┌──

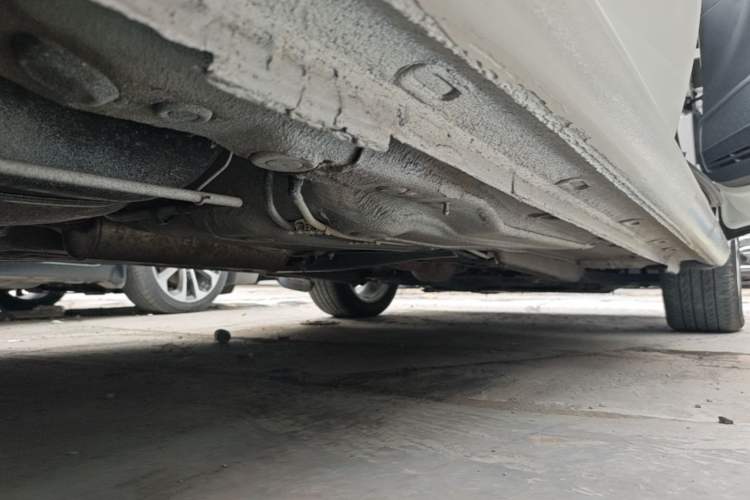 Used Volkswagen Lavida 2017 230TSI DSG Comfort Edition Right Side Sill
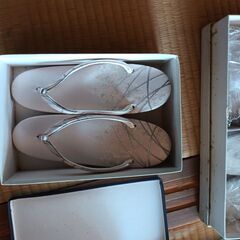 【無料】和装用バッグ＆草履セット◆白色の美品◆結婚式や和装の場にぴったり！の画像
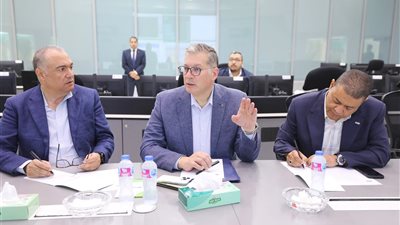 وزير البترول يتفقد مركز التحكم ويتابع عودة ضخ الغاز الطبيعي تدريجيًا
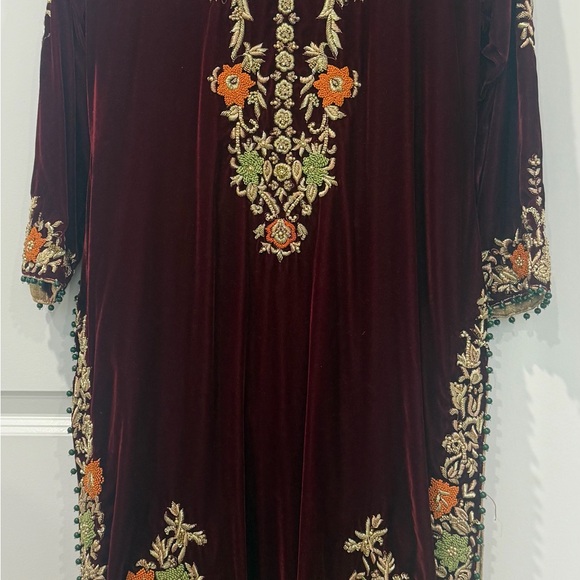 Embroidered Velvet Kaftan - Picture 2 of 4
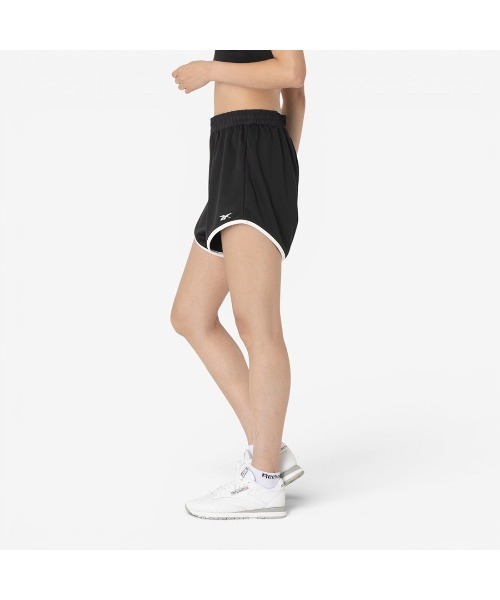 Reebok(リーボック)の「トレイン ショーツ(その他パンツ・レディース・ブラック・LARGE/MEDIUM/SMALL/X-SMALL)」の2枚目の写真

└──

*AIM OF THE EXERCISE*
Every line from the one containing "Embroidered Velvet Kaftan - Picture 2 of 4" to the end of the material above is to be returned exactly, with the pictures left out.

*RESULT*
 Embroidered Velvet Kaftan - Picture 2 of 4
 Reebok(リーボック)の「トレイン ショーツ(その他パンツ・レディース・ブラック・LARGE/MEDIUM/SMALL/X-SMALL)」の2枚目の写真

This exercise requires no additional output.